Il se trouve alors dans l’obligation de se « desindigéniser » de devenir incolonisable, et c’est en ce sens qu’on peut comprendre la colonisation comme « une nécessité historique ».
Il faut distinguer entre un pays simplement conquis et occupé et un pays colonisé.
Ainsi la colonisation n’est pas la cause première à laquelle on puisse imputer la carence des hommes et la paresse des esprits dans les pays musulmans.
On se rend compte alors que la colonisation s’introduit dans la vie du peuple colonisé comme le facteur contradictoire qui lui fait surmonter sa colonisabilité.
Il y a donc un aspect positif de la colonisation, en ce qu’elle libère des potentialités longtemps demeurées inertes.
Bien qu’elle constitue d’autre part un facteur négatif, puisqu’elle tend à détruire ces mêmes potentialités en appliquant à l’individu « le coefficient colonisateur », un fait est significatif: l’histoire n’a jamais enregistré la pérennité du fait colonial.
Le colonisateur ne vient pas naturellement « promouvoir », il vient paralyser , comme l’araignée paralysé la victime prise dans son filet.
Mais en fin de compte, il change si radicalement les conditions de vie de l’être colonisé que par cela même il transforme son âme.
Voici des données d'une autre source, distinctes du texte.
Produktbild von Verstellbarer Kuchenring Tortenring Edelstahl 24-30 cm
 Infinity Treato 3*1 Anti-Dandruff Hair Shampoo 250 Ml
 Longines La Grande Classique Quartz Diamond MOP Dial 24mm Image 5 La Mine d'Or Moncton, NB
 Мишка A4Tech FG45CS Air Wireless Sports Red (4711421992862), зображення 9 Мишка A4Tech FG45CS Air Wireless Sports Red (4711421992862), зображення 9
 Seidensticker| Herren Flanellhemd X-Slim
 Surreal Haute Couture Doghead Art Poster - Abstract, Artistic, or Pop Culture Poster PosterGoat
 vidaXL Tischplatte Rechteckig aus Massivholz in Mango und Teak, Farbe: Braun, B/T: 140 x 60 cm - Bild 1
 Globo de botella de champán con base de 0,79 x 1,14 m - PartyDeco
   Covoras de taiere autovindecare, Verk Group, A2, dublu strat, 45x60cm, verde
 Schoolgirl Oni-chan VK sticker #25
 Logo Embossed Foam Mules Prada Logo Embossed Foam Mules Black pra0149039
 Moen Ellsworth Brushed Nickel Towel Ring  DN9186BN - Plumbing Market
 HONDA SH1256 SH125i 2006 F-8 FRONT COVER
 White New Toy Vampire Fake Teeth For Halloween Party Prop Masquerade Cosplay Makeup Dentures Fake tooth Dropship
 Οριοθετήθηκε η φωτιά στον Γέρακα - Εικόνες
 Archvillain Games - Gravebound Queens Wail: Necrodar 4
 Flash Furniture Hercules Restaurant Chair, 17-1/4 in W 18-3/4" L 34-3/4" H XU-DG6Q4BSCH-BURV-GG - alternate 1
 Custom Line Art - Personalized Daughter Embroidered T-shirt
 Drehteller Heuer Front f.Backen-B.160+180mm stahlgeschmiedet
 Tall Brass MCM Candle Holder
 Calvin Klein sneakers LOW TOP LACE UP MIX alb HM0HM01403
Un seul et même mal ronge les peuples arabes depuis des siècles : le manque de confiance en soi, la calomnie et le dénigrement, le culte des honneurs, l’apologie des hommes.
Le retour au salaf ne s’inscrit pas dans l’ordre des faits historiques, il constitue un glissement qui ne ramène pas l’homme à l’ère de la conscience mais à celle de la science théologique, c’est à dire en prenant l’exemple du passé.
C’est une réforme de savants qui touche peu ou pas du tout les masses humaines.
Le cas de l’Algérie a fait exception grâce à la personnalité du shaykh Ibn Badis dont le rayonnement personnel put atteindre la conscience populaire.
On peut se demander ce que signifient pour des hommes domestiqués, indigénisés, civilisés à la manière colonialiste, les proclamations de respect de la personne humaine et la déclaration des droits de l’homme.
A la base de tout cela, il y a un commun dénominateur: une culture matérialiste qui peut promouvoir un empire ou un impérialisme mais pas une civilisation.
L’Europe rationalise qui a créé la machine se voit incapable de poser correctement les problèmes humains, l’Europe est devenue technicienne mas à cessé d’être morale.
On ne sait plus découvrir les perspectives humaines au delà du chiffre, au delà du monde défini par la matière.
Une civilisation trouve son équilibre entre le spirituel et le quantitatif, entre la finalité et la causalité.
Aussitôt que l’équilibre est rompu dans un sens ou dans l’autre c’est la chute verticale.
Aujourd’hui la civilisation occidentale qui a perdu le sens spirituel se trouve au bord de l’abîme.